During the course of the DCCT, participants conducted seven-point profile testing of blood glucose concentrations for 1 day every 3 months. Although not quite TIR from a CGM device, investigators derived TIR from the seven-point profiles and concluded that for every 10% lowering of TIR, the adjusted hazard rate for the retinopathy outcome in the DCCT was increased by 64% and the adjusted hazard rate for the microalbuminuria outcome was increased by 40% (7)

Evidence is beginning to emerge indicating that TIR from CGM can predict the risk of long-term diabetes complications (7) and pregnancy outcomes (5,6). Time in range assessed by CGM in 3,262 patients with type 2 diabetes were correlated with the prevalence of diabetic retinopathy (DR) in a Chinese study. The prevalence of DR decreased with increasing TIR. Patients with more advanced DR had lower TIR.

This is no rocket science as the lower the TIR, the higher the likelihood that there is more opportunity for glucose to be above 10 mmol/L (after adjusting for TBR).

TIR targets

The available evidence we have thus far, has allowed recommendations from international consensus on TIR, TBR and TAR. There is insufficient evidence to justify separate targets for T1D and T2D. For most patients, it is recommended that we keep the TIR >70%, TBR <1% and TAR <4%. Of course, all targets need to be individualised. For older patients or patients at risk of hypoglycaemia, a lower TIR may be acceptable with more emphasis on even lower TBR.

TIR and mean glucose were highly correlated, a wide range of HbA1c values were associated with any particular TIR (8) There is quite a degree of variability in the reported relationship between TIR and HbA1c according to different studies.
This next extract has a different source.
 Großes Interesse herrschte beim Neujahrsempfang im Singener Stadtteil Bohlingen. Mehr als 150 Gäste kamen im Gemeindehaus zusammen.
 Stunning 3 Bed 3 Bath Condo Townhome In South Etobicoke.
Nonetheless, adults a TIR of 65–70%, derived by CGM, appears to equate with mean glucose levels broadly similar to those reflected by an HbA1c of 7.0% (53 mmol/mol).

The Future

TIR is not quite a replacement for HbA1c yet but it provides complementary information as to the quality of glycaemic control in our patients with diabetes. TIR provide both an educational as well as a motivational tool in our discussions with patients with diabetes.
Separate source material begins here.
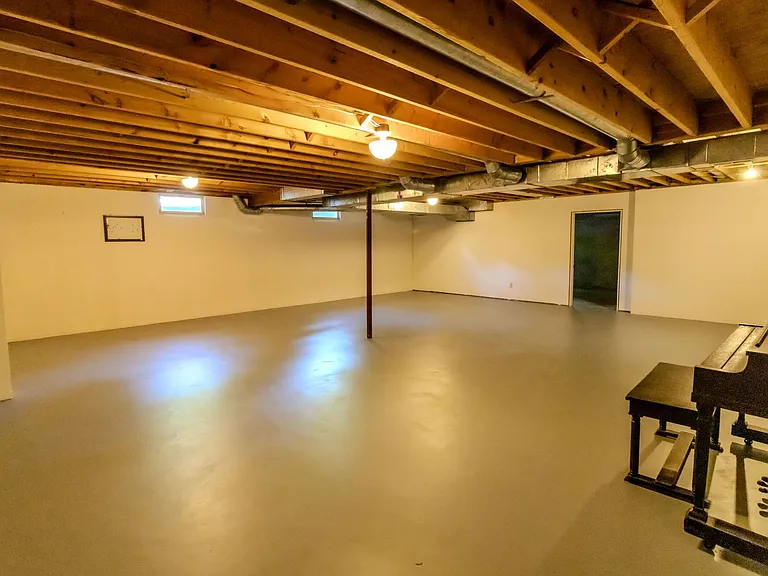 4015 Holiday North Ct — Photo 28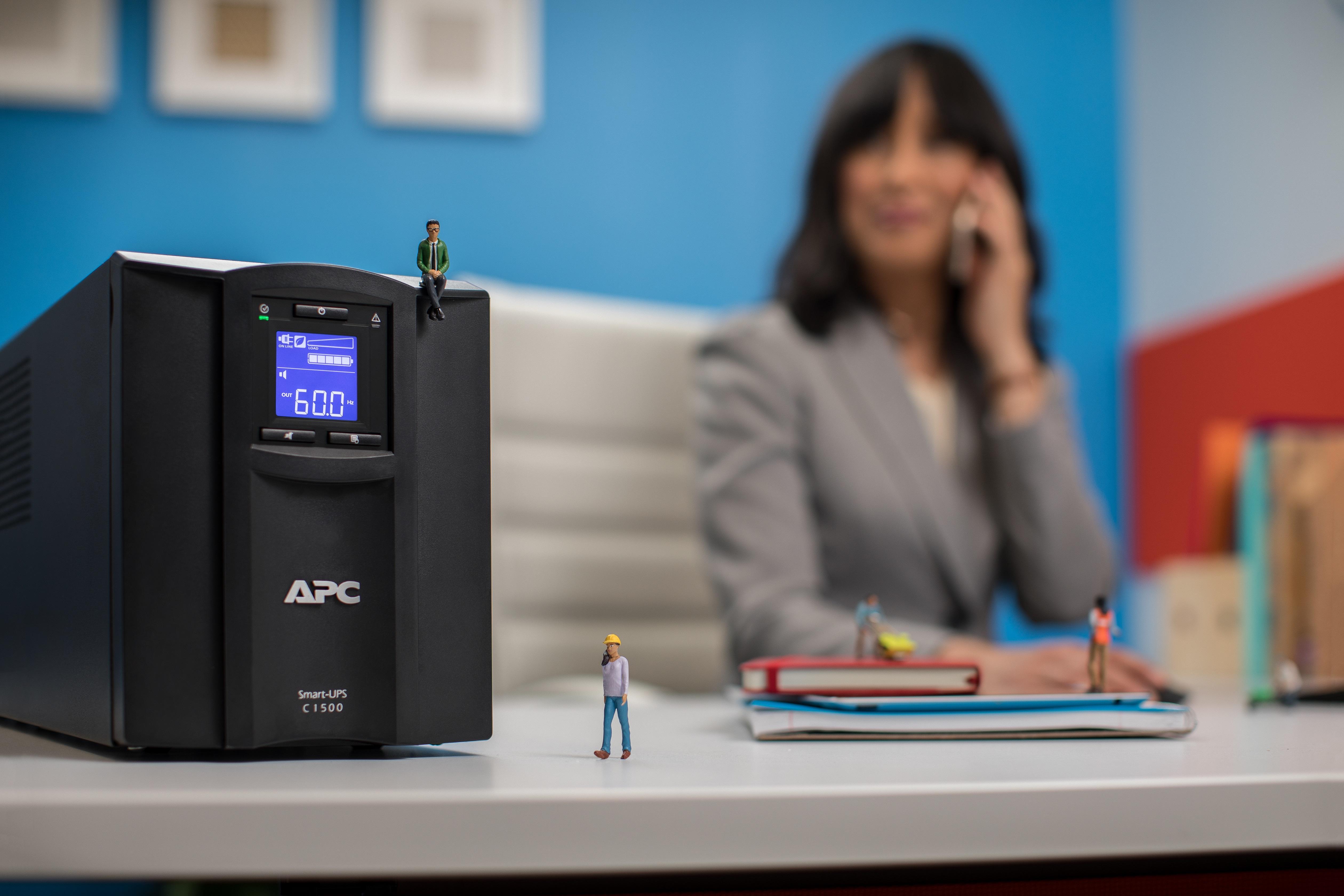 APC - UPS APC Smart-UPS C 1500VA LCD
Cost remains a major barrier in the uptake of these devices. Advances in technology will see the size of the sensors decreasing, removing aesthetics as barrier. Implantable devices are on the horizon. As GPs, while we need to keep abreast with developments in diabetes management, we also need to keep abreast with technology relating to diabetes management.

References

  1. The Diabetes Control and Complications Trial Research Group  (1993) The effect of intensive treatment of diabetes on the development and progression of long-term complications in insulin dependent diabetes mellitus. N Engl J Med 329(14):977–986.
  2. UK Prospective Diabetes Study (UKPDS) Group. Intensive compared with conventional treatment and risk of complications in patients with type 2 diabetes (UKPDS 33). Lancet 1998; 352: 837–853
  3. Battelino T, Danne T, Bergenstal RM et al (2019) Clinical targets for continuous glucose monitoring data interpretation: recommendations from the international consensus on time in range. Diabetes Care 42(8):1593–1603.
  4. American Diabetes Association (2019) 14. Management of diabetes in pregnancy: standards of medical care in diabetes-2019. Diabetes Care 42(Suppl 1):S165–S172.
  5. Feig DS, Donovan LE, Corcoy R et al (2017) Continuous glucose monitoring in pregnant women with type 1 diabetes (CONCEPTT): a multicentre international randomised controlled trial. Lancet 390(10110):2347–2359.
  6. Kristensen K, Ogge LE, SengpielVet al (2019) Continuous glucose monitoring in pregnant women with type 1 diabetes: an observational cohort study of 186 pregnancies. Diabetologia 62(7):1143–1153.
  7. Beck RW, BergenstalRM, Riddlesworth TD et al (2018) Validation of time in range as an outcome measure for diabetes clinical trials. Diabetes Care 42(3):400–405.
  8. Beck RW, Bergenstal RM, Cheng P et al (2019) The relationships between time in range, hyperglycemia metrics, and HbA1c. J Diabetes Sci Technol 13(4):614–626.